MARCH 3, 1972.
THE PEOPLE OF THE STATE OF ILLINOIS, PLAINTIFF-APPELLEE,
GARRETT D. PALMER, DEFENDANT-APPELLANT.
APPEAL from the Circuit Court of Cook County; the Hon. FRANK
J. WILSON, Judge, presiding.
MR. JUSTICE ENGLISH DELIVERED THE OPINION OF THE COURT:
Burglary. Ill. Rev. Stat. 1969, ch. 38, par. 19-1.
After a bench trial, defendant was found guilty and sentenced to a term of 4 to 12 years.
Issue Raised on Appeal
A variance existed between the indictment and the proof at trial which was so prejudicial as to deprive defendant of due process of law.
"* * * Defendant committed the offense of burglary in that he, without authority, knowingly entered into a building, to wit: store of S. Zeitlin & Sons, Inc., a corporation, with the intent to commit the crime of theft therein * * *."
The prosecutor and defense counsel stipulated that if Samuel Zeitlin, the owner of the burglarized premises, were in court, he would testify, in part, that "he gave no one permission to enter his premises on September 27, 1970, * * * People's Exhibit No. 1 for identification [a radio] is the property of Zeitlin Corporation, * * * that the Zeitlin Company is a corporation which is licensed to do business in Illinois * * *."

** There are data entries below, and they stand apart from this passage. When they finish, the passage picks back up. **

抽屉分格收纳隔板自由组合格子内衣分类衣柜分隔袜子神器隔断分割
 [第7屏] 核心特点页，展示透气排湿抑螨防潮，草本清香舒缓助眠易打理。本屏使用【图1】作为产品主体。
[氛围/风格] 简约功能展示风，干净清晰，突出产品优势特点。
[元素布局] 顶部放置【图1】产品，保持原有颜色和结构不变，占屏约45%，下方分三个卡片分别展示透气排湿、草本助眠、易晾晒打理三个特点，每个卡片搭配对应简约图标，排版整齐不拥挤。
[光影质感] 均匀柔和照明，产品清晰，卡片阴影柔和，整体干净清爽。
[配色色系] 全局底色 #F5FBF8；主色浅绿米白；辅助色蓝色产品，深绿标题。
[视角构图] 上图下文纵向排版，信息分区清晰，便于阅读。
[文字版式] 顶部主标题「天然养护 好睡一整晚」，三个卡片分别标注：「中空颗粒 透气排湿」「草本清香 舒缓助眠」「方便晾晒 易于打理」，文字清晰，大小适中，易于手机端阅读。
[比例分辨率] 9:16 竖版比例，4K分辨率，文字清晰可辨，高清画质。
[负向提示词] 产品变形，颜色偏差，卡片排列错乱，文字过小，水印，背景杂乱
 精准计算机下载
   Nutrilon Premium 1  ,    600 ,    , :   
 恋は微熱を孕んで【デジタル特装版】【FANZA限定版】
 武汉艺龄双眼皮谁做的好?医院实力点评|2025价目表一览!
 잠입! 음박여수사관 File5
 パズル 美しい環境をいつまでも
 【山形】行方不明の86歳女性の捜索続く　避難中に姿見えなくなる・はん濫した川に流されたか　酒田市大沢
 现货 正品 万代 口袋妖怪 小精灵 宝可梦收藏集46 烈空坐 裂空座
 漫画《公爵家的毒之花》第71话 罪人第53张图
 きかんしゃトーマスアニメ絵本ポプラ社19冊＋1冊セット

Salvatore Amico, a Chicago police officer, for the State:
On September 27, 1969, at approximately midnight, he and his partner were on patrol when they received a radio message telling them to proceed to 1755 W. 63rd Street, the location of Zeitlin's Furniture. As they arrived at the scene, the store's burglar alarm was ringing, and they observed a man standing inside the display window placing merchandise on the sidewalk outside of the window. When the man noticed the police car, he fled on foot, but the officers gave chase in the patrol car and arrested him a few minutes later in an alley a short distance from the store. Officer Amico identified defendant as the man he had seen in the store's display window and subsequently arrested.
Garrett Palmer, defendant, in his own behalf:
On the evening in question, he got off the bus and started to walk toward his home on the side of the street opposite the burglarized store. He was slightly intoxicated. Looking across the street, he saw a broken window and some merchandise stacked outside the window. He heard no burglar alarm and saw no one else in the vicinity. When a police car approached, he panicked and ran. He was chased by two police officers and arrested. He was then taken back to "Zeitlin's Furniture Store."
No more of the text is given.